* [The data]:

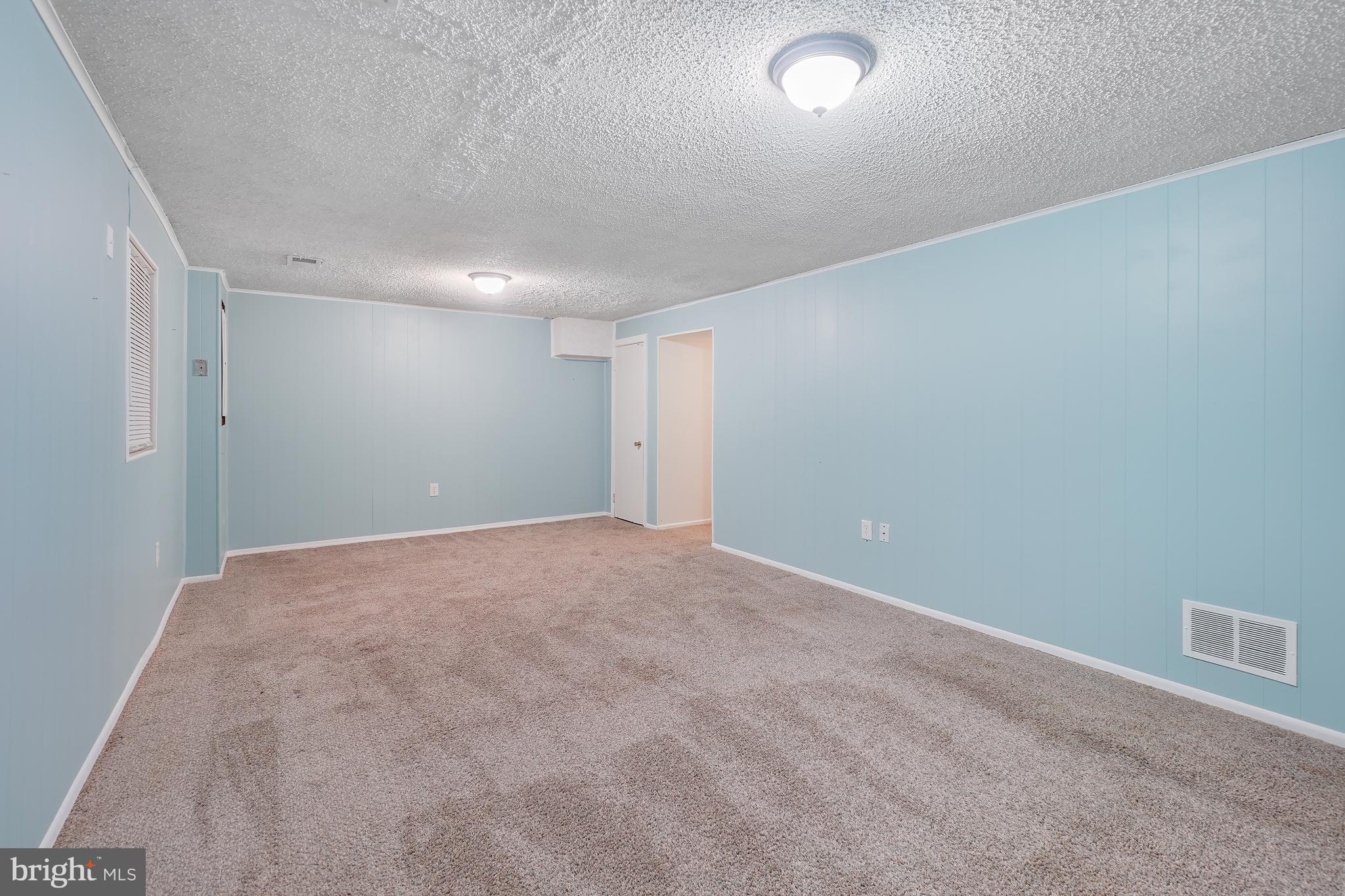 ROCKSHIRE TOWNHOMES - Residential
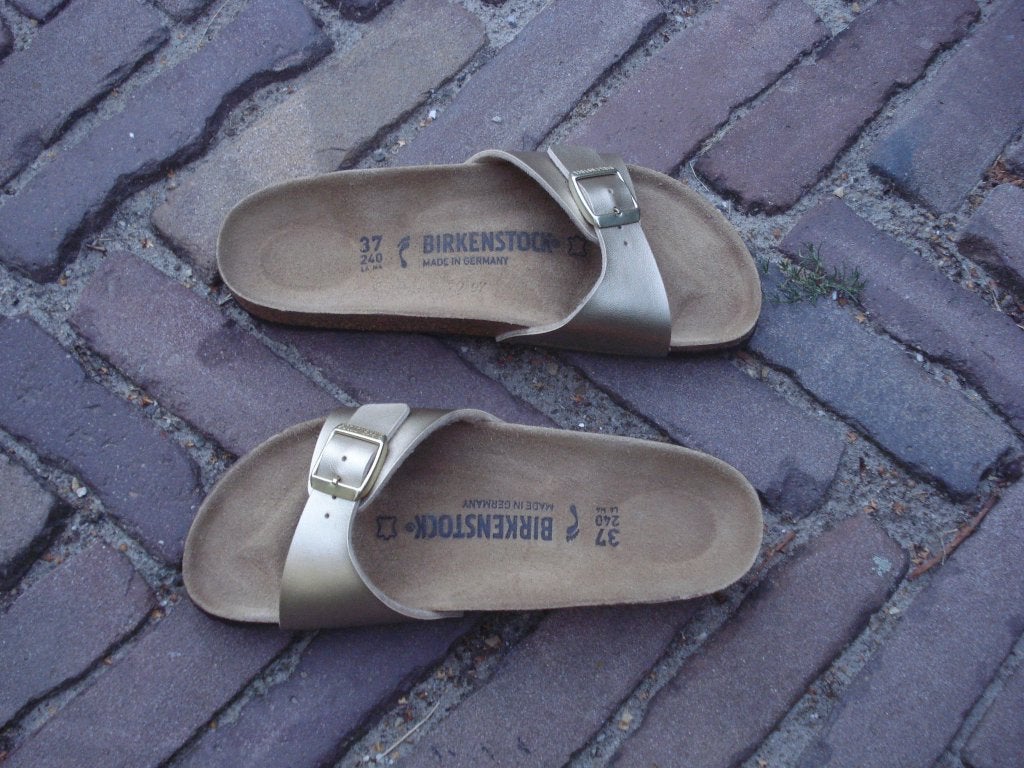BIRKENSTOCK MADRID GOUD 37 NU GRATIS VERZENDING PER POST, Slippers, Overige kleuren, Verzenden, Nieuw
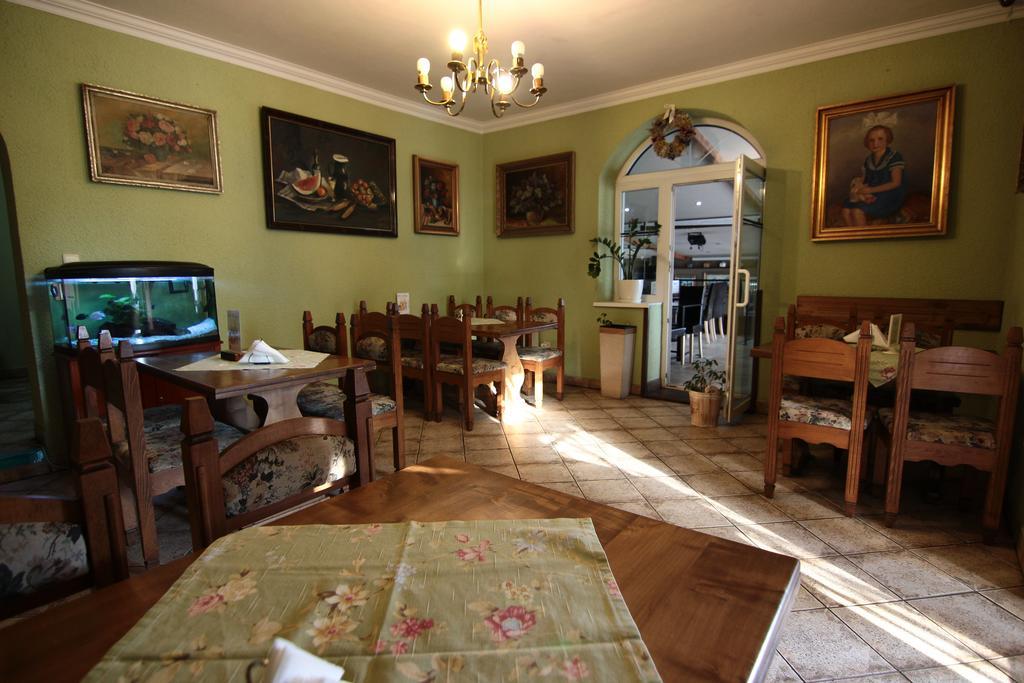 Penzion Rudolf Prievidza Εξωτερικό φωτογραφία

* [Task prompt]: In your copy of the material, every word must match and no image should appear.

* [Task response]:
 ROCKSHIRE TOWNHOMES - Residential
BIRKENSTOCK MADRID GOUD 37 NU GRATIS VERZENDING PER POST, Slippers, Overige kleuren, Verzenden, Nieuw
 Penzion Rudolf Prievidza Εξωτερικό φωτογραφία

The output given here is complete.